All of the listing should be returned as written, apart from any picture in it.

▶ _SUPPLIED MATERIAL_:
Start of Block
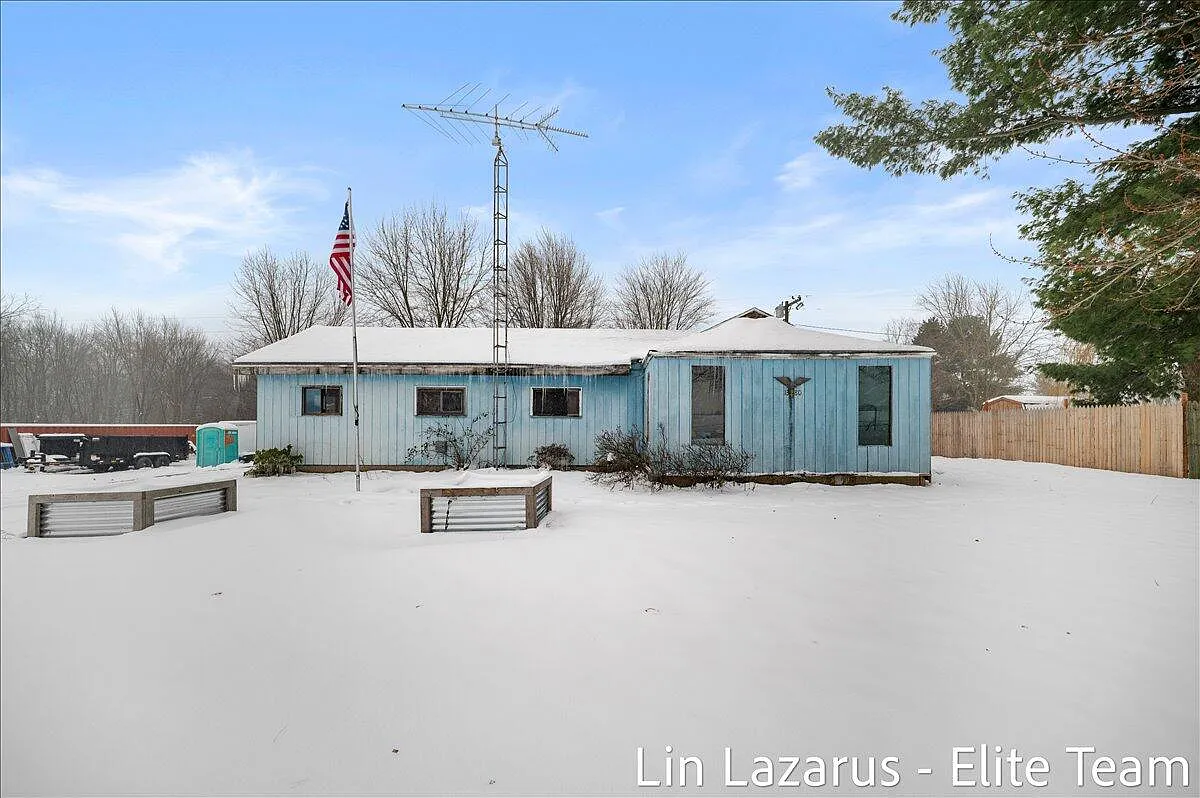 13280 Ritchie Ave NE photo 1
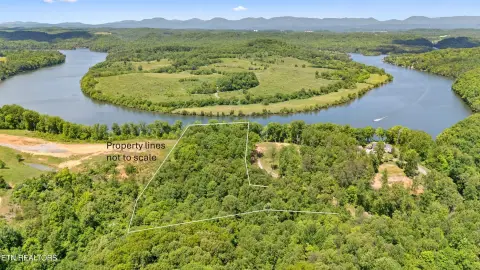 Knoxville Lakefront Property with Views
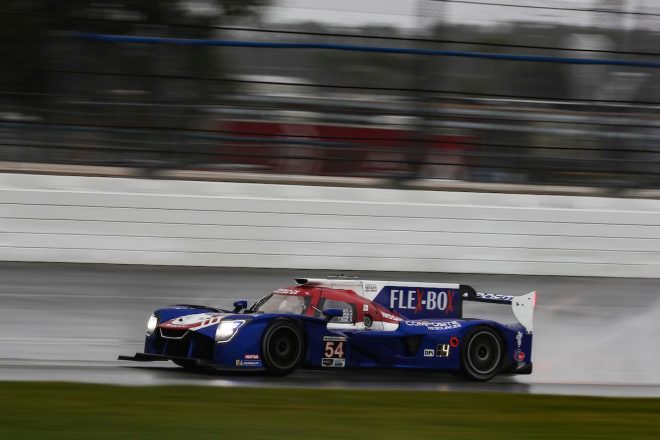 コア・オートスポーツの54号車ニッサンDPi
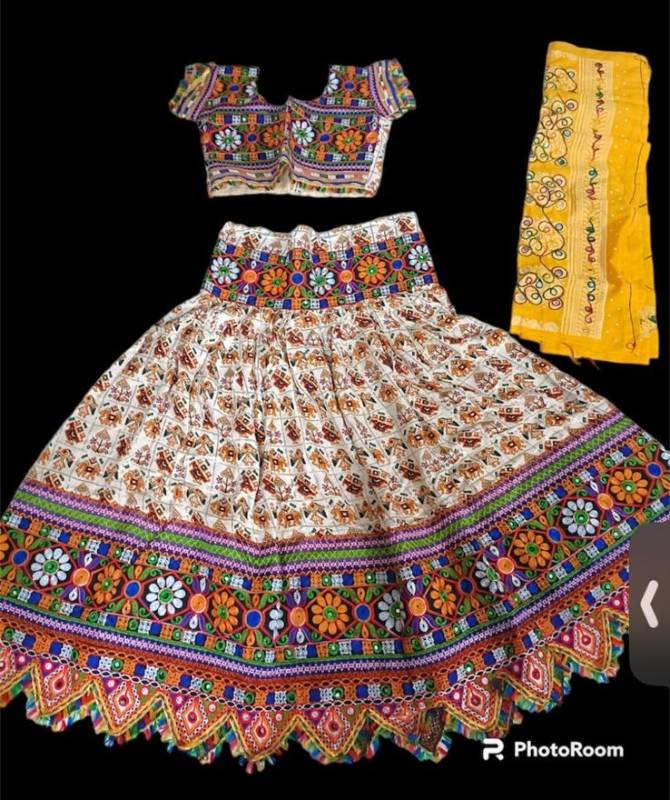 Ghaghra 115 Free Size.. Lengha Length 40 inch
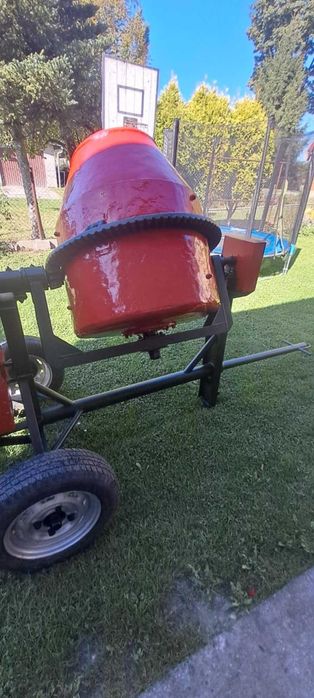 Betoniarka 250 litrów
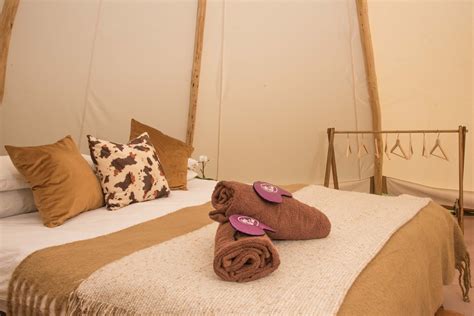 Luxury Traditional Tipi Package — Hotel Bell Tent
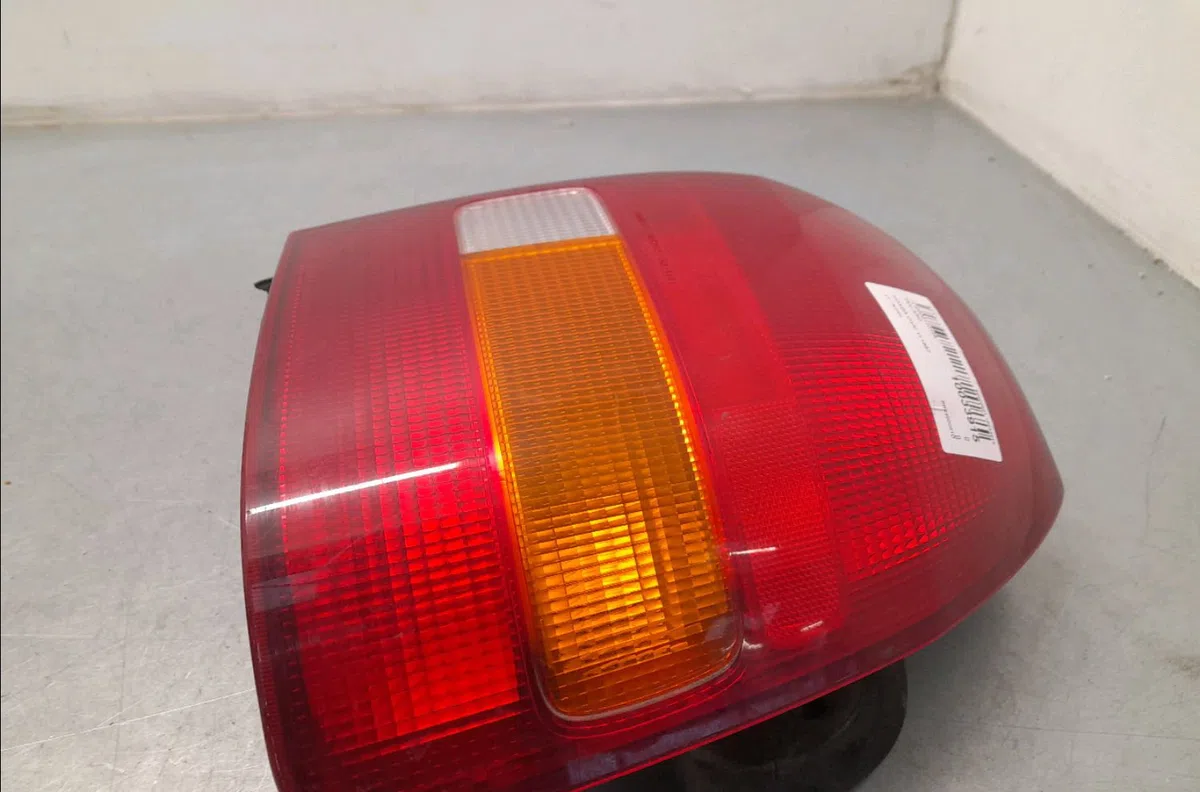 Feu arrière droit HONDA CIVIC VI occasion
End of Block
▶ _RESULT FOR THIS EXERCISE_:
 13280 Ritchie Ave NE photo 1
 Knoxville Lakefront Property with Views
 コア・オートスポーツの54号車ニッサンDPi
 Ghaghra 115 Free Size.. Lengha Length 40 inch
 Betoniarka 250 litrów
 Luxury Traditional Tipi Package — Hotel Bell Tent
 Feu arrière droit HONDA CIVIC VI occasion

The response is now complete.